いったいこの世のどこに「我が子が早く年老いて健康を損ない、生きる意味を見いだせますように」と願う両親がいるでしょうか。
この世には「死」があふれていて……
「逃れることのできない恐怖、つまり『死』は自分にとっていいものなのだ」という甘い嘘をついつい信じたくなってしまいます。
しかしこれは「『死』はあなたの人生の一部である」という考えと同じ。
たとえばコレラはかつて人類の歴史につきものでしたが、衛生観念の向上によって消えていきました。
短いスパンで見れば「コレラは人生の一部であった」と考えられなくもありませんが、少なくとも現在においてそれは当てはまりません。
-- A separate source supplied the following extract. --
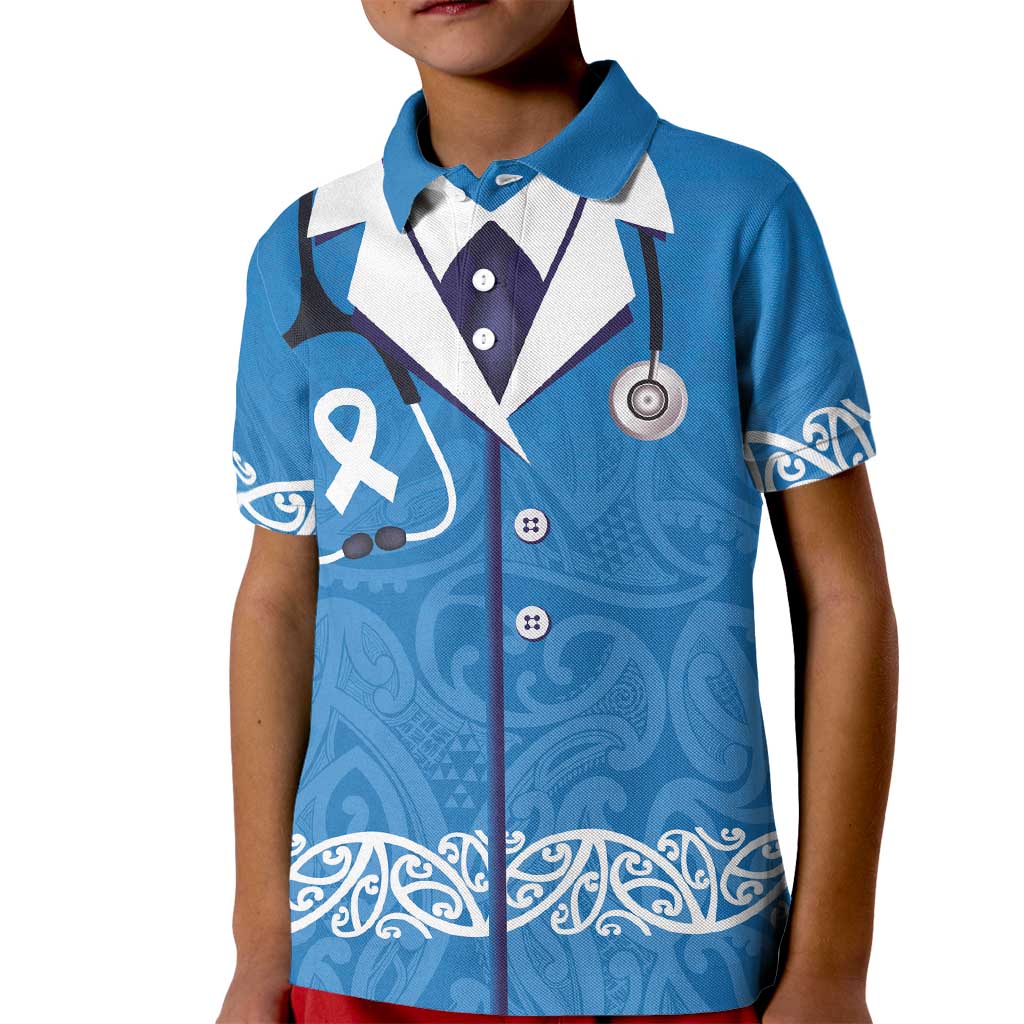 New Zealand Nurses Week Kid Polo Shirt Maori Kowhaiwhai Blue Tribal LT9 Kid Blue - Polynesian Pride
「自然なものはよいもので、人生に必要なのだ」という考えは間違い。
自然な人生とは不平等で残酷で、そして短いものです。
それは「人類の祖先が暮らしていたジャングルの中で生き延びろ」ということと同義。
人類は技術を発展させることによって、現在のよい暮らしを実現してきたのです。
現在の人類が持つ技術力は、死の原因をつまびらかに観測することができるまでになっています。
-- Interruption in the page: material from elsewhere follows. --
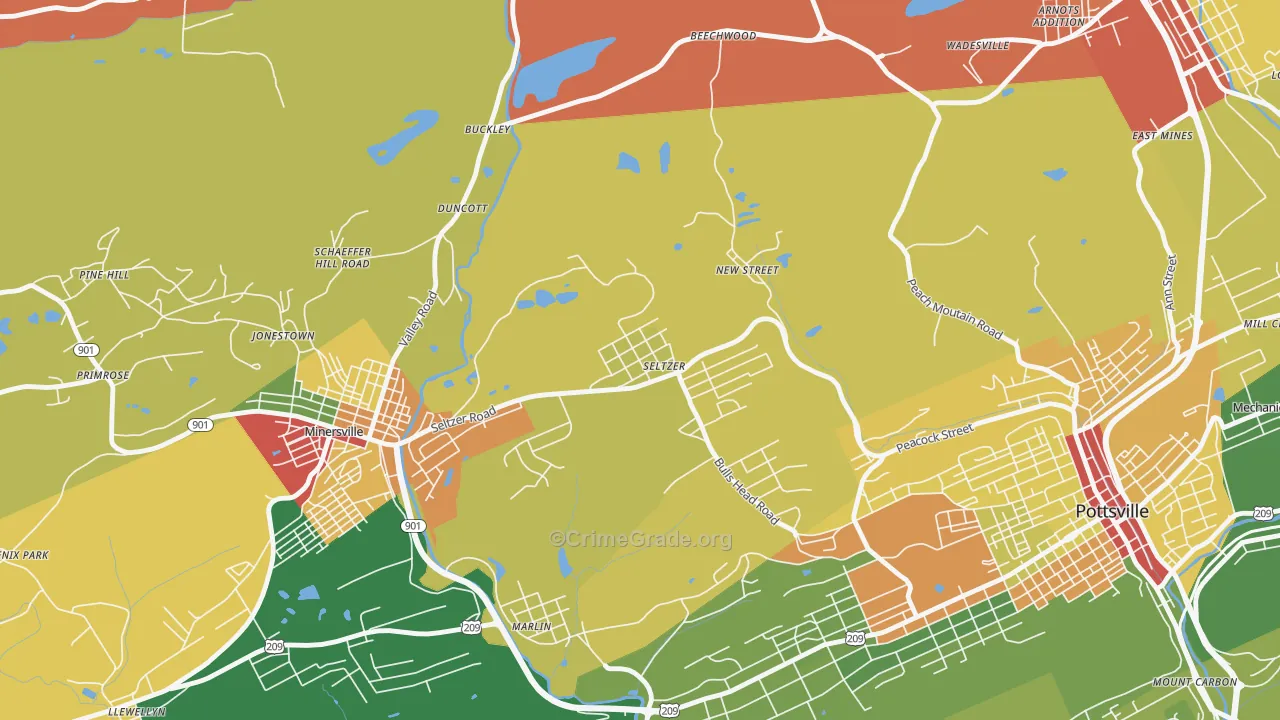 Seltzer, PA Map of Robbery Rates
さて、ここで湧いてくる疑問は「死神とはどれほどの強さを持っているのか?」ということですが……
技術の発展を鑑みれば、人類はやがて死神に対抗できうる力を手に入れる可能性は十分にあります。
もしかすると、たった今も最初の不死者がこの世に存在しているかもしれないのです。
彼らは思うさま健康な青年期を満喫することが可能。
しかし、不死者の頭の中にはこれまでの人生で関わった数千人の死者たちの記憶が残り、これらを消し去らなければならないという問題はあります。
さらに、不死者にとって「死」は未来の問題を回避できる特効薬にはならないため、絶えずさまざまな問題に直面し、それを解決していかなければなりません。
人間はつい「死とは逃れられないものだ」とあきらめてしまいがちですが……
「『死』とは対抗可能な障害でしかないのだ」と思考を転換させ、病気などの災厄と闘うことが重要。
ただし現状において、「老化」だけは全人類に平等に降りかかってくるため……
結果的に誰もが惨めな結末を迎えてしまうのは避けられません。
私たちは早めに「死」と闘う決意を固めないと、いずれ誕生する不死者世代に入り込めなくなってしまいます。「死」に対抗する新しい世代に入り込めなかったら最後、「死」という深い闇に飲み込まれてそれで終わりです。